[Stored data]
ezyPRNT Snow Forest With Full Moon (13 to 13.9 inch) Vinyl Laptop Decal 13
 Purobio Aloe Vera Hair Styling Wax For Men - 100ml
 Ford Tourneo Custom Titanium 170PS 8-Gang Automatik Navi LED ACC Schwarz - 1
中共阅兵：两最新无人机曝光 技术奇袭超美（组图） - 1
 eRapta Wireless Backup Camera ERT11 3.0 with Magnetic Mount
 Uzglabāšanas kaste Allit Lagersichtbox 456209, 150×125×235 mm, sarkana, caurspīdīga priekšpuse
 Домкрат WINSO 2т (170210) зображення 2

*What is needed:*
Please quote nothing but the lines from the line with "Ford Tourneo Custom" through the end of the data above, exactly as written, ends included.

*Response for this exercise:*
 Ford Tourneo Custom Titanium 170PS 8-Gang Automatik Navi LED ACC Schwarz - 1
中共阅兵：两最新无人机曝光 技术奇袭超美（组图） - 1
 eRapta Wireless Backup Camera ERT11 3.0 with Magnetic Mount
 Uzglabāšanas kaste Allit Lagersichtbox 456209, 150×125×235 mm, sarkana, caurspīdīga priekšpuse
 Домкрат WINSO 2т (170210) зображення 2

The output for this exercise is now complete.